C’est la meilleure explication qui peut être donnée sur le phénomène de l’alternance des récoltes d’une année à l’autre.

Parallèlement, le sol en est à son point le plus bas lorsque les besoins des arbres fruitiers atteignent leur maximum, on a enregistré des teneurs en azote dans le sol de 5 à 20 fois moins élevées en mars qu’en août.

Il en résulte un profond déséquilibre entre les besoins des arbres et les ressources du sol en azote, ce qui est à la base de nombreux accidents de nouaison, notamment de la chute des jeunes fruits en juin.

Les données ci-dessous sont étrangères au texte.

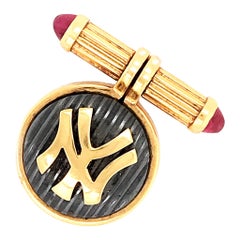Rare Bulgari 18 Karat Yellow Gold Yankee Lapel Pin with Ruby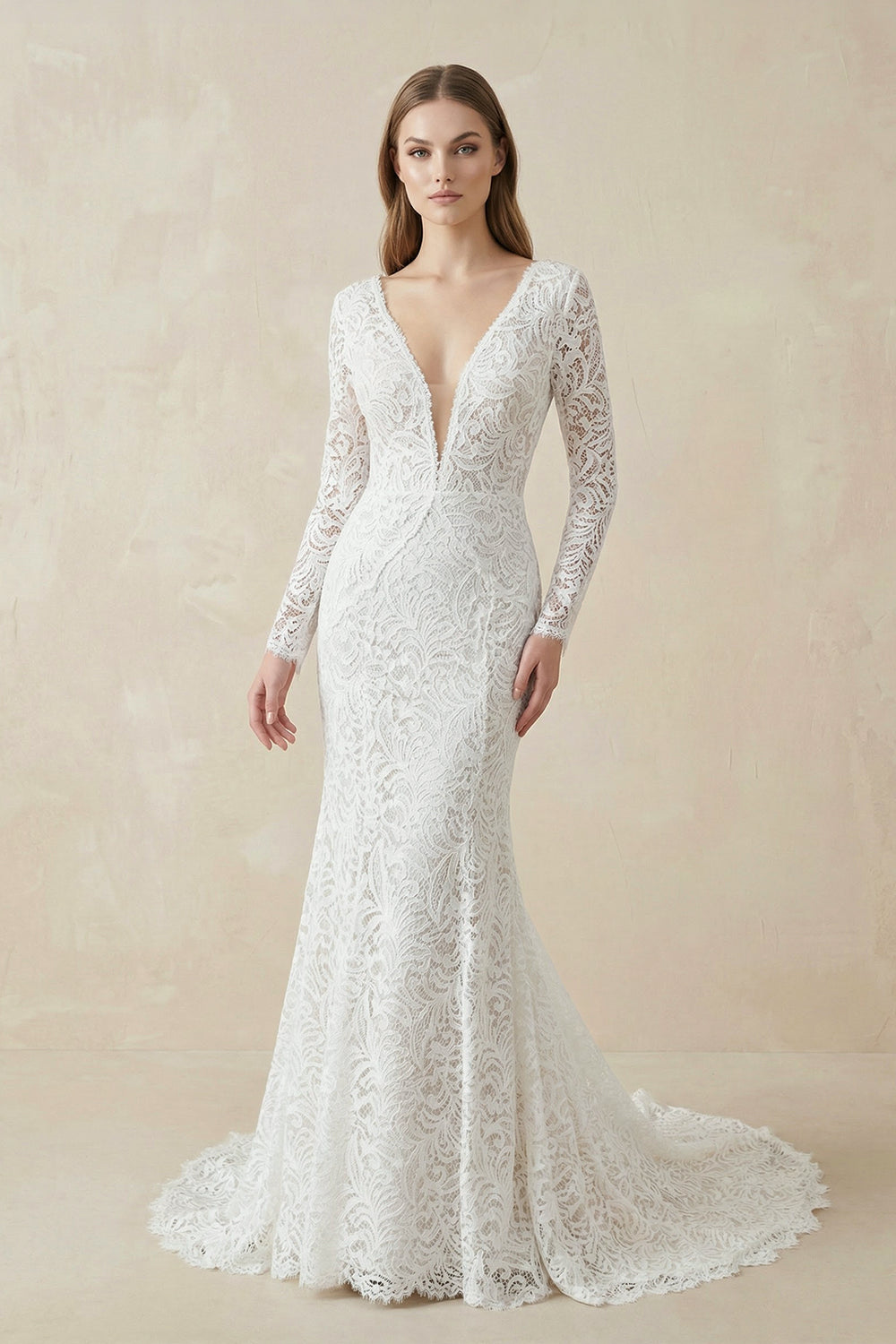 Mermaid Whisper Lace Embroidery Bridal Gown Wedding Dress– Wedding Dresses by KissProm | Available at KissProm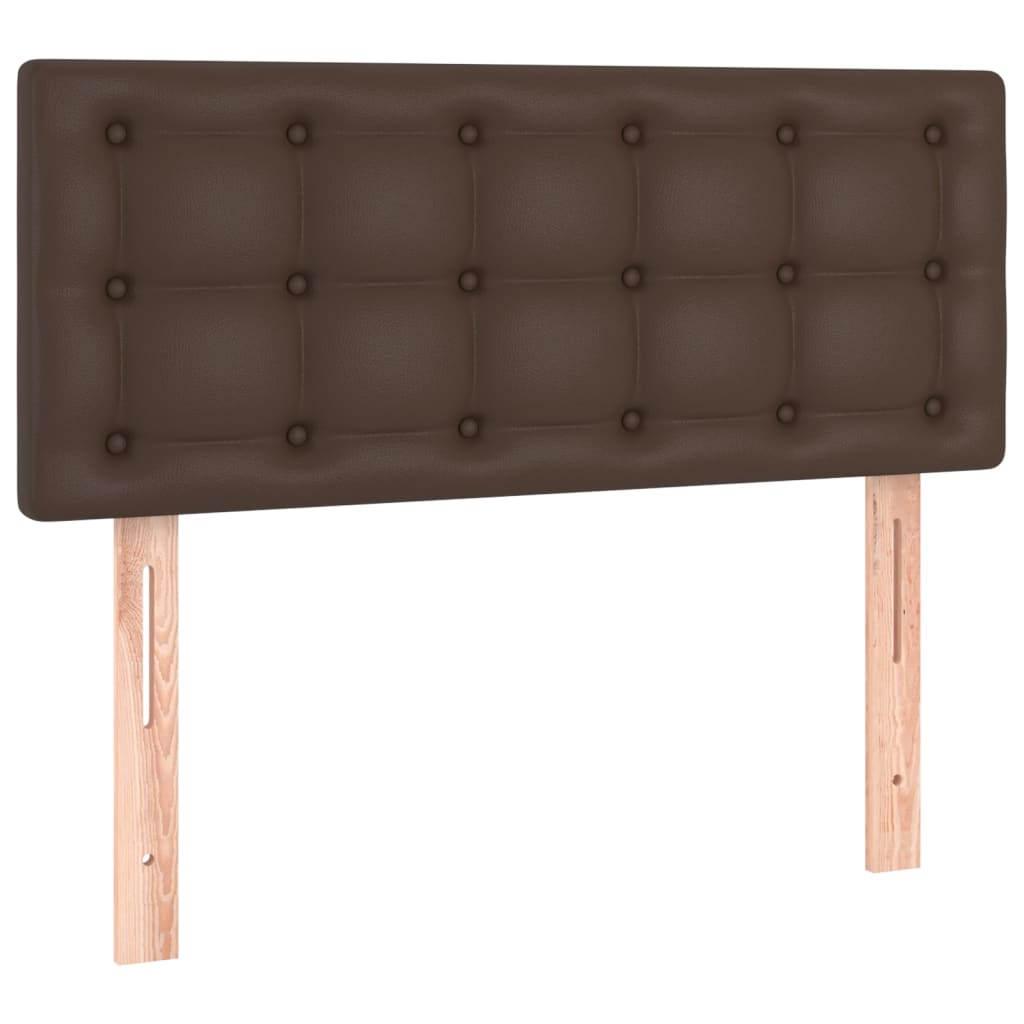 Cabeceira de cama c/ LED 80x5x78/88cm couro artificial castanho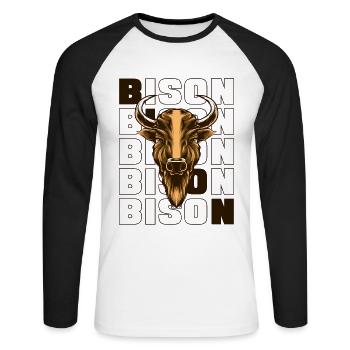 Buffalo American Bison Bovinae Lover Bison - Unisex Long Sleeve Baseball T-Shirt - white/black - Front - Nik (191cm)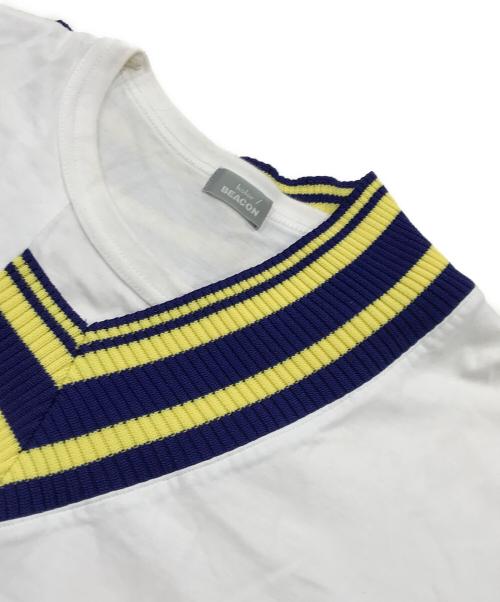 kolor/BEACON（カラービーコン）kolor/BEACON (カラービーコン) カラー ドッキング 半袖 Tシャツ ホワイト サイズ:2の古着・服飾アイテム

De nombreuses observations pratiques viennent à l’appui de cette théorie.

Cette faim d’azote printanière s’observe aisément dans les orangeries, où le feuillage prend une teinte jaunâtre à chaque printemps, en l’absence d’une fumure appropriée.

Les arbres qui coulent le plus facilement sont ceux dont la floraison est particulièrement abondante, comme le clémentinier.

L’espèce qui donne la fructification la plus régulière, le néflier du Japon, fleurit à l’automne à une époque où la teneur en azote du sol en est à son maximum.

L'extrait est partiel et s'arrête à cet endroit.